When President Roosevelt developed what was then known as Infantile Paralysis, or polio, there was a lot of attention drawn to what was a widespread disease, and many researchers devoted untold hours to finding a cure for that terrible disease which caused varying levels of paralysis in mostly children. Jonas Salk was the physician researcher came up with the vaccine that many children remember being inoculated with in the 1950s.

This came to mind when a friend of my spouse who is morbidly obese was arguing with my lean spouse who does primal/paleo eating as I do. While my spouse is not the sugaraholic I am, he knows that he will begin to want those foods if he starts eating them, and he lost more than thirty-five pounds getting off the sugars, starches, artificial sweeteners along with me. His friend, I’ll call him Bob, believes in the calories-in-calories-out false theory, about what causes weight gain or loss, so well debunked by Gary Taubes in Good Calories, Bad Calories and Why We Get Fat, along with Mark Sisson, Mark Harris, and many others. Why does Bob hold on to what so clearly fails for him time and again; he is a Weight Watchers rerun. Having heard for years what he orders at their weekly breakfast meeting tells me that he can’t let go of his childhood food loves.

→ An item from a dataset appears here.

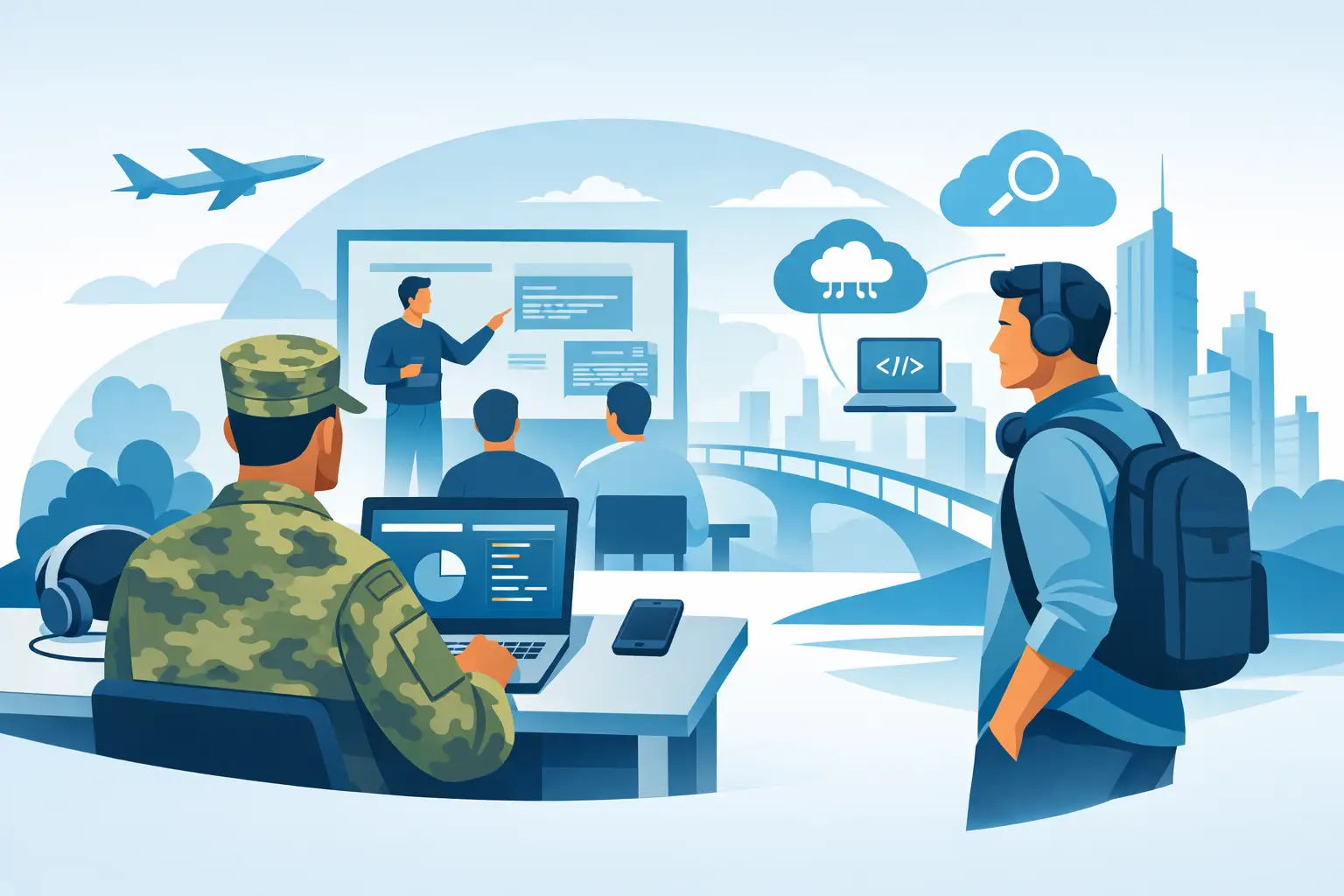 IT Training for Veterans Seeking Tech Careers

Bob is convinced, for this is what he wants to believe, that pancakes, fruit, bread, and all manner of high starch and sugar foods are fine as long as he eats egg substitutes and avoids fats. He has a kind of infantile paralysis that does not let him move forward. He doesn’t want to read or hear anything that will change his mind, though he weighs nearly 300lbs on a 5’10” frame.

The sad part that is most bothersome for me in this is that when polio was raging through the country, no amount of money or resources was held back in order to find a cure. Now, though, when diabetes has doubled world wide since 1980, we find there is very little money for research on various foods or diets that is not being provided by the big food conglomerates who only accept what supports their ends. Very little independent money is available to researchers to get anything like independent results. We need to get past this fund crunch, for it was mostly American tax dollars that found cures like polio, smallpox, antibiotics like penicillin, etc. Our health care system is being heavily burdened by the diseases of over-weight and diabetes, and something will eventually have to give.

I have my areas of infantile paralysis, too, but they have more to do with liking fire flies, and watching reruns of Bewitched. Food is something we should remember is medicine, fuel, and not just comfort. However, while I no longer eat the foods I once thought of as childhood comfort foods, I now know that what I eat is truly good for me, and that is its own mature kind of comfort.